Agora vamos nos aprofundar mais no que de fato é a energia heliotérmica, e também entender melhor como funciona a energia, que, como já mencionamos, podemos classificar como energia verde.
O que é energia heliotérmica?
Energia heliotérmica (ou energia termossolar) é a geração de energia elétrica proveniente dos raios solares de maneira indireta. Dizemos ser de maneira indireta porque o calor do Sol é captado e armazenado para depois ser transformado em energia solar mecânica e, por fim, em eletricidade.
A energia heliotérmica é um dos três de tipos energia solar, junto com a energia fotovoltaica e a energia solar térmica. Veja como funciona a energia solar.
A energia heliotérmica oferece diversas vantagens por ser uma fonte de energia limpa e renovável, não produzir gases nocivos ao meio ambiente (CO2 e o NOx), além de sua área de construção e implementação ser de apenas 3,0 ha/MWh, reduzindo os impactos ambientais em grandes proporções.
Como funciona a energia termossolar?
A energia termossolar funciona a partir de painéis solares (espelhos, coletores ou heliostatos) que refletem a luz do Sol e concentram-na num único ponto.

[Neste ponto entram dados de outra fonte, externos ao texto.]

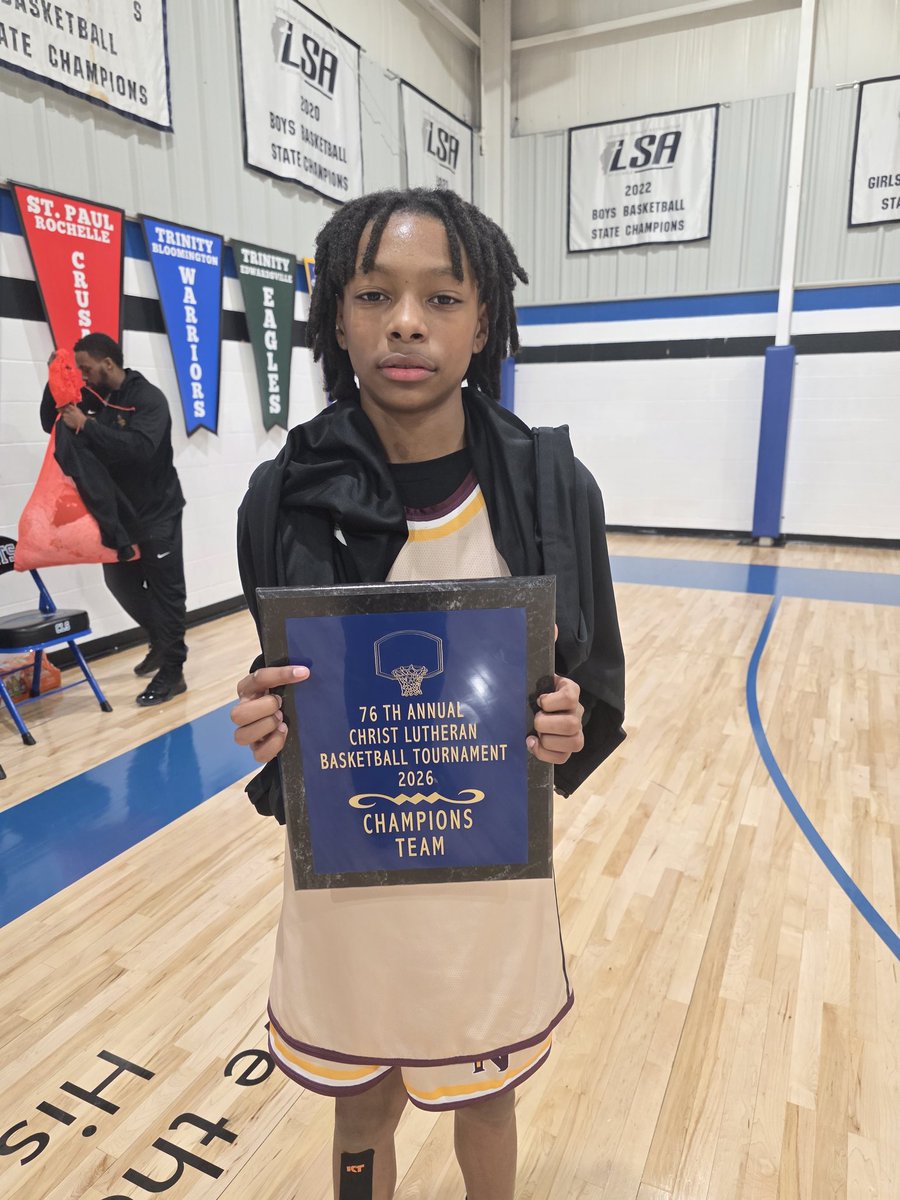 TJsHoopdreams's tweet photo. Championship Win today at 76th Annual Christ Lutheran Basketball Tournament in Peoria, IL 
8 Points avg 
1.75 Rebound avg 
2.75 Assists avg
1.5 Steals avg https://t.co/H0Y60S29dw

O calor acumulado é usado para aquecer um fluido e o vapor irá movimentar as turbinas, acionando o gerador, que produzirá a energia.
Por muito tempo, as tecnologias fotovoltaica e heliotérmica permaneceram no mesmo patamar de desenvolvimento, sendo que a segunda se mostrava até um pouco mais competitiva. Segundo dados do IRENA (2020), em 2010, a solar fotovoltaica apresentava em média custo nivelado de 0,378 USD/kWh, e a heliotérmica de 0,346 USD/kWh (Figura 3). Porém nos últimos anos a tecnologia fotovoltaica conseguiu ser absorvida pelo mercado e aumentar significativamente sua competitividade, principalmente devido à sua capacidade modular, passível de ser adaptada para menores escalas, particularmente na geração distribuída. Em 2019, o custo nivelado da fotovoltaica chegou a uma média de 0,068 USD/kWh (Figura 3). Apesar de ter apresentado avanços tecnológicos, a tecnologia heliotérmica ainda precisa ganhar competitividade. Em 2019 custava quase três vezes mais que a fotovoltaica.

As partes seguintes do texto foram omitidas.